Total va rester en Birmanie, au nom de la sécurité de ses personnels et pour ne pas priver les Birmans et les Thaïlandais d'électricité, mais s'engage à financer les ONG pour les droits humains à hauteur de ce qu'il versera à l'Etat birman, a annoncé son PDG au Journal du dimanche.
"Il y a des décisions évidentes à prendre et d'autres qui le sont moins", indique Patrick Pouyanné dans une tribune, en évoquant "les dilemmes" du géant pétrolier français.
"Nous avons décidé d'arrêter nos projets et nos forages en Birmanie, mais nous continuons de produire du gaz. Non pas pour maintenir nos profits ni pour continuer à verser des taxes ou impôts à la junte militaire. Mais pour garantir la sécurité de nos personnels, employés et responsables, leur éviter la prison ou le travail forcé, et surtout éviter d'aggraver encore les conditions de vie de ces populations en coupant l'électricité de millions de personnes", explique le PDG.
"Aussi, puisque je ne peux pas prendre la décision d'arrêter la production (...), je prends aujourd'hui la décision de verser aux associations qui travaillent pour les droits humains en Birmanie l'équivalent des taxes que nous serons amenés à payer effectivement à l'Etat birman" à l'avenir.

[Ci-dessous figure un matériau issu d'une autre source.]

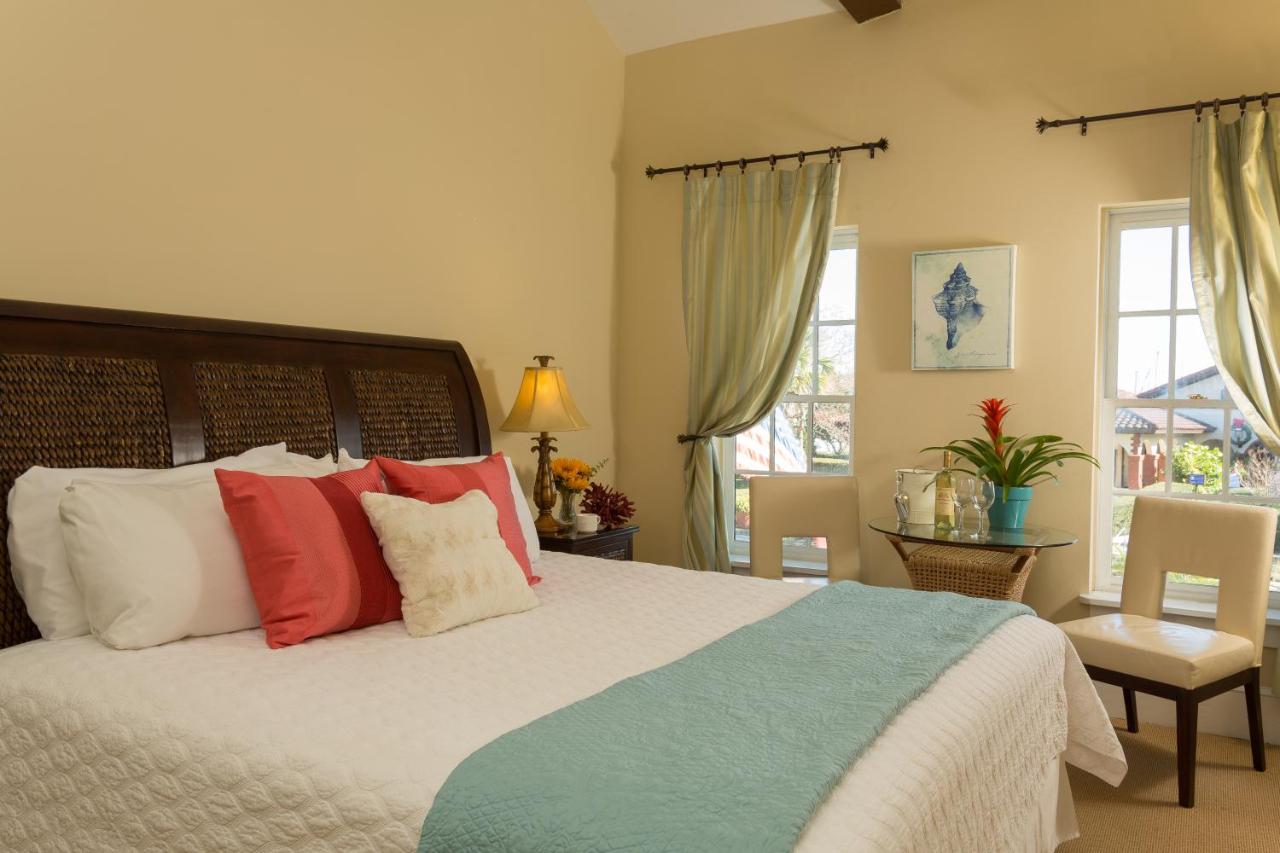  | Bella Bay Inn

Total est présent en Birmanie depuis 1992 et plusieurs ONG le pressent de "cesser de financer la junte". Le groupe a versé environ 230 millions de dollars aux autorités birmanes en 2019, puis environ 176 millions en 2020, sous forme de taxes et "droits à la production", selon les documents financiers publiés par la multinationale.

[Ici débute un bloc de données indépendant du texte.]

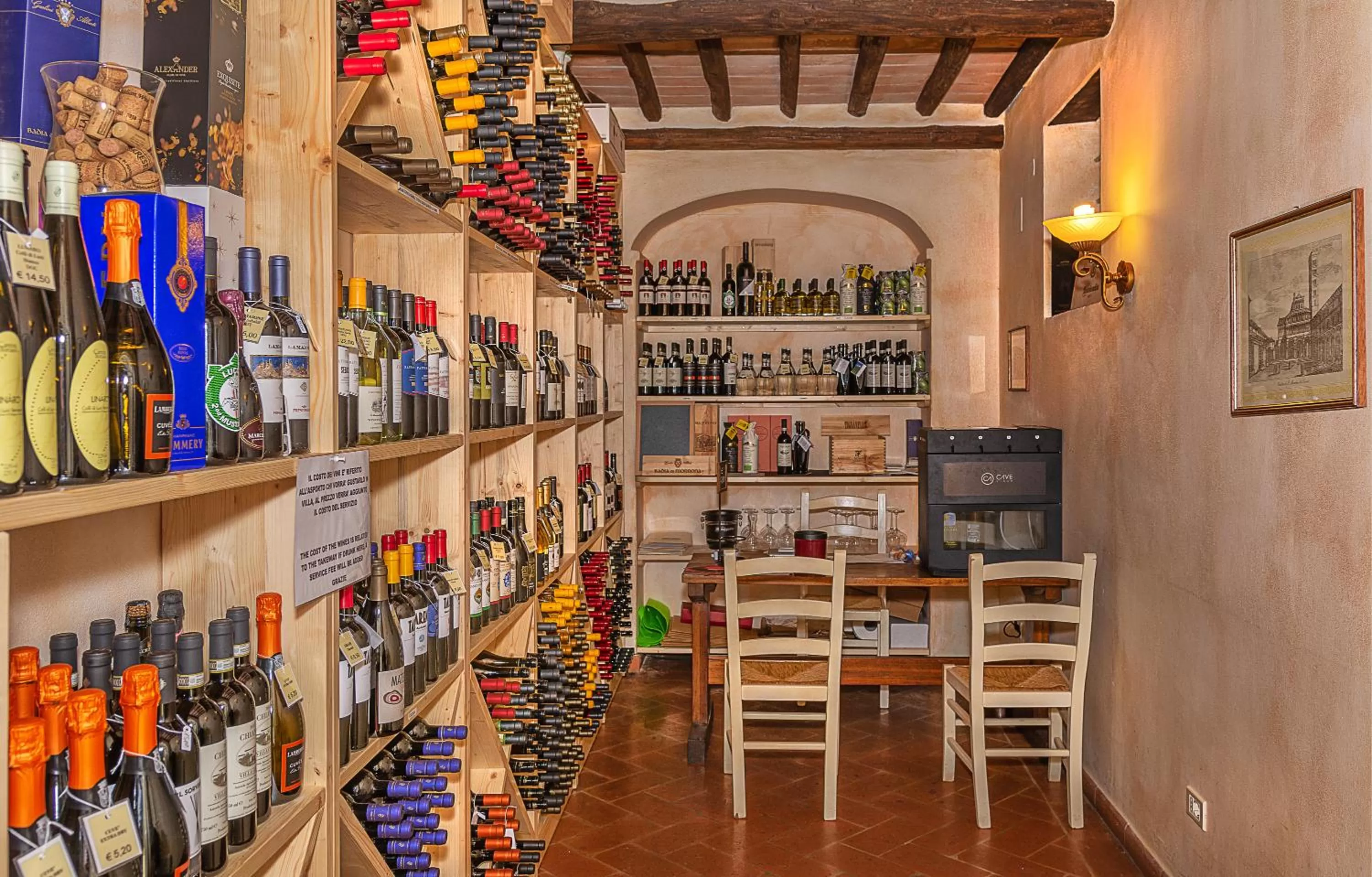 On-site shops in Hotel Villa Cheli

L'armée birmane contrôle la compagnie nationale Myanmar Oil and Gas Enterprise (MOGE), qui a des partenariats avec Total.
En décidant d'arrêter de payer impôts et taxes à l'Etat birman, "nous exposerions les responsables de notre filiale au risque d'être arrêtés et emprisonnés", plaide M. Pouyanné.
Il souligne toutefois que Total n'a "payé aucun impôt ni taxe à la junte militaire depuis le début de la crise en février, tout simplement parce que le système bancaire ne fonctionne plus".
"Une entreprise comme Total peut-elle décider de couper l'électricité de millions de personnes - -et ce faisant le fonctionnement d'hôpitaux, de commerces, bref de la vie courante -- avec les conséquences que cela implique?", interroge le PDG, en ajoutant que "l'accès à l'énergie est un droit fondamental".
Si Total prenait une telle décision, le groupe estime aussi qu'il mettrait ses "collaborateurs birmans (...) dans une situation dramatique" car "la junte n'hésitera pas à recourir au travail forcé".
Le projet de futur développement de sa découverte de gaz sur le permis A6, une zone d'exploration située en offshore profond, à l'ouest de la Birmanie, va s'arrêter. Idem pour "la campagne de forage de puits de gaz en cours": l'appareil de forage sera "démobilisé à compter du mois de mai".
Mais Total continuera la production offshore de gaz du champ de Yadana, car elle "fournit la moitié de l'électricité des près de 5 millions d'habitants de la ville de Rangoun" et "alimente l'ouest de la Thaïlande vers laquelle est exporté l'essentiel de ce gaz". Et la Thaïlande a insisté sur l'importance de ces livraisons, souligne M. Pouyanné.